There are plenty of stories of seniors waiting to enroll in their MedSupp as they transition from commercial coverage to Medicare before having their knee or hip replaced to avoid high-cost shares. But overall, MedSupp seniors are relatively healthy—and have been for a while. Despite taking a hit on any spikes in utilization initially, MedSupp plan managers today have slightly healthier memberships than those in traditional MA plans.
Why might this be the case?
Income is a critical social determinant of health. And with expensive MedSupp premiums, plus the need to purchase stand-alone drug, dental, hearing, and vision coverage, MedSupp is increasingly inaccessible to those with a tight monthly budget. Even if that might mean higher costs overall when a medical event occurs, a zero-dollar premium might be easier to stomach initially. As MedSupp carriers have raised premiums over the past few years, they may have also been able to lower their average member’s utilization risk.
But risk adjustment incentives may have played the largest role. Prior to 2023, seniors with multiple conditions were a profitable and important part of a carrier’s strategy. Despite multiple prescriptions, conditions, or overall poor health, risk adjustments meant that the added utilization risk to the insurer would be paid in part by Medicare and that these seniors could still be provided affordable coverage. In part, outreach and marketing to these consumers also shielded MedSupp carriers from the risk of high-utilization seniors entering MedSupp without underwriting.
But absorbing all that risk becomes a problem when the compensation for doing so decreases. Risk-adjustment reimbursement has been lacking as of late, with revisions to the risk model and normalization reducing payments to carriers by 2%. That comes at a time when most major MA carriers are already facing high MLRs that are weighing on profitability.
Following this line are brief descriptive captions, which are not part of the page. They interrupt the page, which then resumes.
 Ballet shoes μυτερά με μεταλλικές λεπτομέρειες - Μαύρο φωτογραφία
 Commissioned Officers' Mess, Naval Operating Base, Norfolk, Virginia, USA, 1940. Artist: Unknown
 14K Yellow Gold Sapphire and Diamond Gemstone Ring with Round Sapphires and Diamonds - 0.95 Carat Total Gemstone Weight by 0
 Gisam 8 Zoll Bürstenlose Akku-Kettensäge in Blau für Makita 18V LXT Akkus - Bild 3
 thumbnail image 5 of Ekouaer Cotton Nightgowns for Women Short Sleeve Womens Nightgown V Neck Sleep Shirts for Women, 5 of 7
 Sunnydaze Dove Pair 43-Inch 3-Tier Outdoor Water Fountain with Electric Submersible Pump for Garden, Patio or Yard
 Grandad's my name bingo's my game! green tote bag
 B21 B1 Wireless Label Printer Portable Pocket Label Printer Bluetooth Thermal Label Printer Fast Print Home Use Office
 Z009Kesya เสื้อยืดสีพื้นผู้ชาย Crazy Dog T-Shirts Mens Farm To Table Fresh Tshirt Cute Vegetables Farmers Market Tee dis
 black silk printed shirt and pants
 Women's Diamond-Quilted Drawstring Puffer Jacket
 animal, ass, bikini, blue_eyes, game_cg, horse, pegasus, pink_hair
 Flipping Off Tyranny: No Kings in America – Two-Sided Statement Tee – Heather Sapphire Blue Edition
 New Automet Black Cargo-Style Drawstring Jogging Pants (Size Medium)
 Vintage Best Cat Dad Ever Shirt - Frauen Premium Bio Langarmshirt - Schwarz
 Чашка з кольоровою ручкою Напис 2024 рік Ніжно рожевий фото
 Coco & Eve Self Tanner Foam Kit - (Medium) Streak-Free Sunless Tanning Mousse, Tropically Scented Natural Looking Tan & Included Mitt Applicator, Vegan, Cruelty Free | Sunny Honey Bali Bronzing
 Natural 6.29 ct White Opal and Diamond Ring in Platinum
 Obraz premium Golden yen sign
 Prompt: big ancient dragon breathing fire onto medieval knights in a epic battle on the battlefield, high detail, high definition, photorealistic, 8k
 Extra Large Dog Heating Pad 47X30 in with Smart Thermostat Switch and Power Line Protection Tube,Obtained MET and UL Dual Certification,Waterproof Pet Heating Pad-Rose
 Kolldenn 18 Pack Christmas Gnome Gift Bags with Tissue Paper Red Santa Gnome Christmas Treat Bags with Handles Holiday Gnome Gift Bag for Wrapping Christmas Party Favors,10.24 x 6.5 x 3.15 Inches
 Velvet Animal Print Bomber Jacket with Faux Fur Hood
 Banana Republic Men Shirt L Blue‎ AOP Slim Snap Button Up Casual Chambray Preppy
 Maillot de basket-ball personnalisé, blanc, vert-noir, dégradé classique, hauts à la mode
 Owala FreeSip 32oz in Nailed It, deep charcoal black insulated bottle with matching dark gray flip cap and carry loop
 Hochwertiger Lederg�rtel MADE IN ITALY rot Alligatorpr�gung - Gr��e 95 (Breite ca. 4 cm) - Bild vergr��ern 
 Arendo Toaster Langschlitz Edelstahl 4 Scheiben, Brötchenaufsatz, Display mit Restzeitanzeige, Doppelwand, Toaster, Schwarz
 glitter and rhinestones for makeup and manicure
The solution for MA carriers to keep profit flowing likely involves a reduced appetite for high-utilization risk members—or an outright need to begin shedding some while increasing cost shares. Some of these seniors might move to other MA solutions, like C-SNP, that may be better equipped to support high utilizers. But MedSupp coverage is also effective coverage, especially for high utilizers who can avoid underwriting.
MA is in for a major shock this year. With potentially two million seniors receiving a letter notifying them their plan has been discontinued, there is already a large base of seniors who will be forced to switch—with a higher concentration of these seniors in PPOs. Millions more will decide to switch voluntarily as they look for better benefits.
MedSupp managers are no doubt excited about MA plan cutbacks providing an opportunity for conversion. But MedSupp managers should remain cautious: If MLRs or lackluster risk adjustment reimbursement are the reason MA plans are shedding members, they may have less interest in attracting high utilizers in their initial enrollment window. That may mean more high utilizers joining MedSupp without underwriting—and more risk for MedSupp managers to offset.
[1] CMS 2024 rate announcement: https://www.cms.gov/newsroom/fact-sheets/fact-sheet-2024-medicare-advantage-and-part-d-rate-announcement
[2] Source: Deft MA+PDP Exit Tracker, part of the Deft MAPD+PDP Disruption Tool.